Not working strategically with resources is also a consequence of the first of the three common problems I wrote about in this article – business leaders don’t know how to lead the transition into a sustainable company. When you don’t understand a subject, it is quite normal that you don’t want to take that subject on to the core of your business.

In many ways, the situation is similar to that of digitalization some years back. Most business leaders didn’t understand that either and thus were holding back on fully engaging themselves in the process and allowing to connect digitalization to the core business. Getting some variety of a chief technology officer (CTO) became a popular way of handling things and parking the responsibility with someone else. But as time went by it became obvious that it was not the way forward and slowly the leadership teams started to raise their competencies and opened up for working on the core parts of the business as well. Those that were not there yet when the COVID pandemic hit were in for a very rough ride with a choice (actually not a choice) between jumping in the deep end of the pool or perishing!

Right now, the same thing is happing with resources. Remember that resources including energy are part of the core elements of the circular economy and sustainability, so when you shy away from focusing on it because it is unclear to you how it affects the business, you could easily end up wasting a lot of money. The cost of electricity and gas is 4-5 times higher in many countries here in Europe and is very volatile. And we have almost certainly not seen the last of it. There has probably never been a time in modern history when the need for a resource-efficient approach to business has been higher. For many now is the time when the pain of staying in business as usual is bigger that the pain associated with the change.


Should be

I would like you to decide right now that you will embrace the circular economic thinking and take it into how you lead the business. The starting point is:

Circular economy is not a project – it is a way of doing.

It is not something that you put on the agenda for a little while, something that you assign some people to handle and then you continue whit business as usual. You must understand and take it to heart that it will be part of how you run and develop your business going forward.

It will affect your way of thinking (click here for an article I wrote at the beginning of the summer about the mindset for business success with circular economy and sustainability and affect your business – in a good way.

Circularity is the principle governing nature and until a few generations ago it was also the underlying concept of societies. Resources were used and used again and in the bigger picture, nothing was wasted. Resources came from nature and after several cycles of use, they went back to nature. Industrialization changed that and in the last 70-ish years, we have almost completely abandoned this thinking. Consequently, we now live in a very resource-inefficient world and billions of Euros worth of materials are wasted every year.

Yes, BILLIONS…

If you stop for a second and think about it, it is difficult not to reach a conclusion that it is pretty stupid and perhaps even wonder what got us here. It is time to unlearn a few things and reconnect to the success formula for mankind – but in an updated version matching today’s world. That updated version is called the circular economy.

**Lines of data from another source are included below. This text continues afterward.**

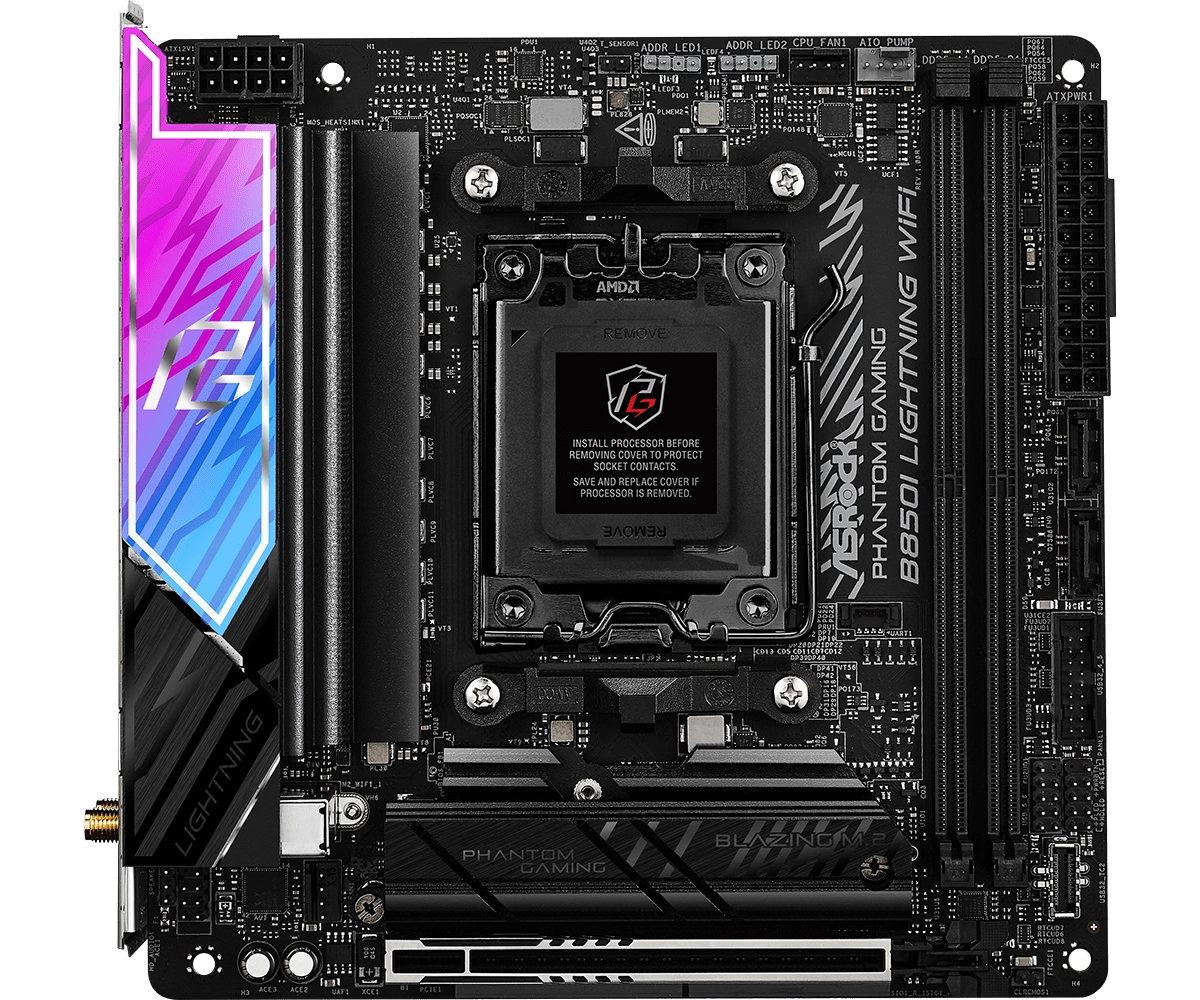 Asrock Phantom Gaming B850I Lightning WiFi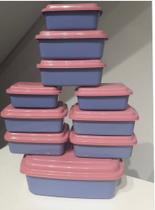 Kit pote 10 peças tampa color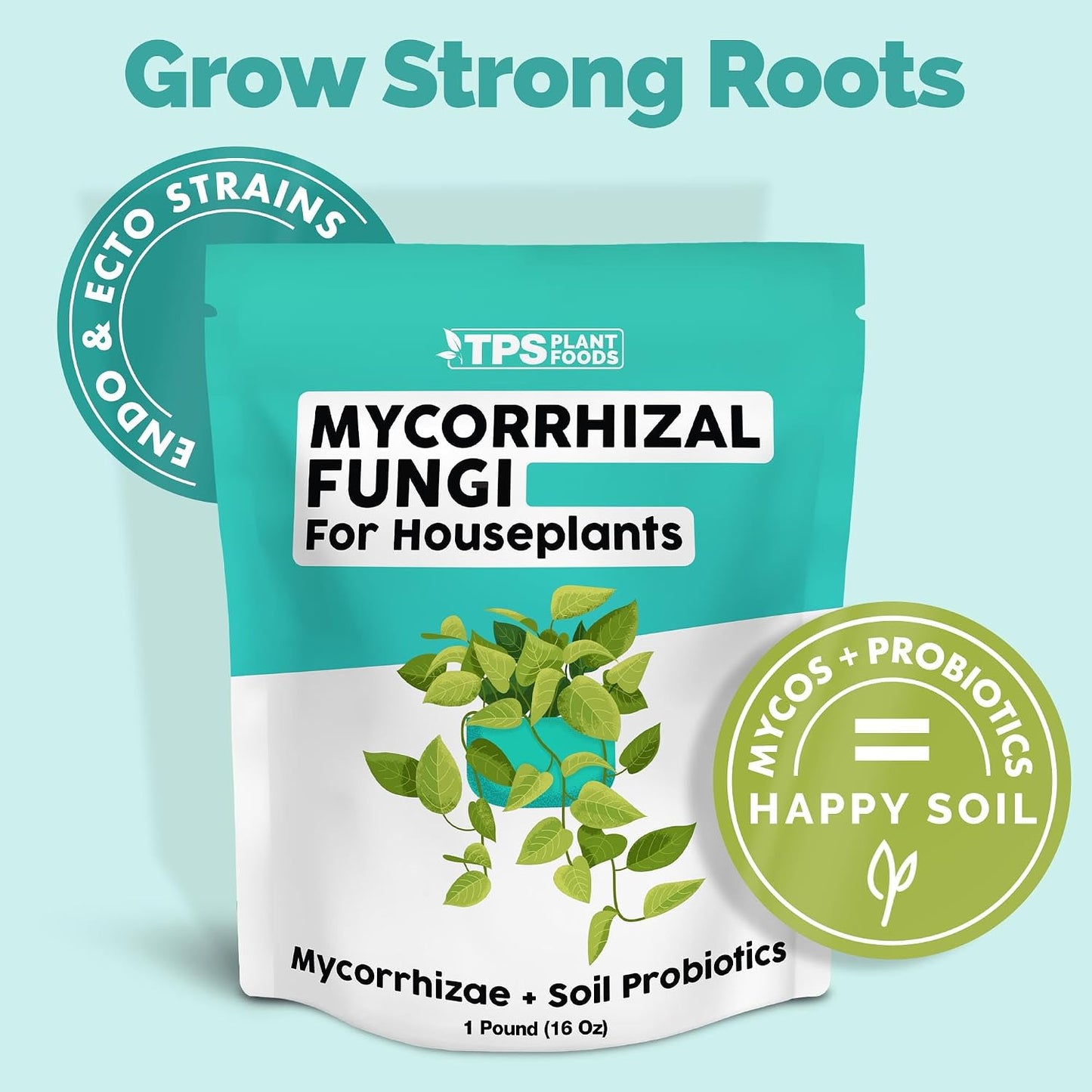 Hongos micorrícicos para plantas interiores 6oz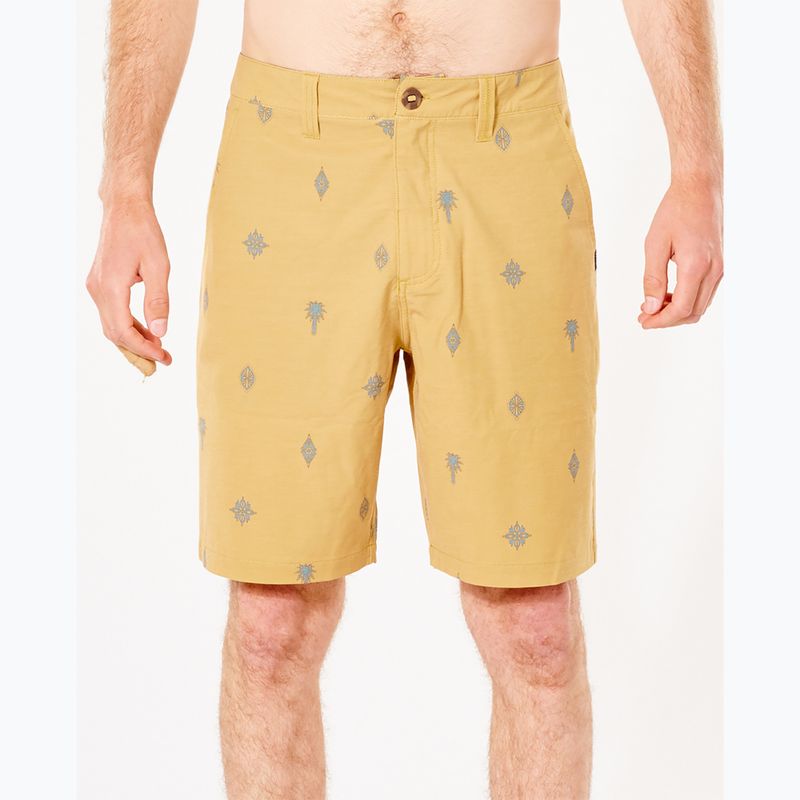 Rip Curl Boardwalk Salt Water Culture yellow men's swim shorts CWADN9 4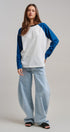 All-Star Vintage Baseball Tee in BLUE - Women's T-Shirts & Polos | Urban Daizy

I will not venture into a full introduction to circular economy but skip right to a method I have created that will guide you to map out potential actions you could take to lower your cost related to raw materials, components and energy. The method is called “Pathfinder” and it consists of three steps each with its tools and processes. For the purpose of this article, I will mainly focus on the first step – a way to spot and map out opportunities for you to become a more resource-efficient business.


The process

You can do the exercise alone, but I highly recommend you gather a few colleagues with solid insight into your processes and material flow. Then you go through each of the five disciplines presented below and brainstorm on all the places where you can see you might be able to find a better solution. Write down as many ideas and initiatives as you possibly can for each of the five.

Then write down a list of the top 3-5 problems that you have in your business and the top 3-5 problems that your ideal customer has. With that in mind go through the five disciplines again to see if you now spot additional ideas and potentials.

You will end with a complete map of all the places you currently can see you could use circular economy to improve your business and your impact on the world. Then circle out all the initiatives that will help solve the prioritized problems you and your clients are facing.

The second step is to choose the best and deploy resources to make it happen. This is where I leave the “Pathfinder” method and leave it up to you to decide which ones are best for you and where to start for your business in the current conditions. Last step in the Pathfinder method is to connect the dots and end with a full roadmap.


Map out potential

There are five disciplines within the circular economy, each with its focus, potential, and characteristics.

  • Resource recovery
  • Product life extension
  • Stable supply of resources
  • Increase utilization
  • Product as a service

I will unfold them a bit below and there is also a link to brief (3 min-ish) explanatory videos for all five.


The five disciplines


#1 Resource recovery

The first discipline we also call “waste equals resources”. This is what most people think about when they think of circular economy.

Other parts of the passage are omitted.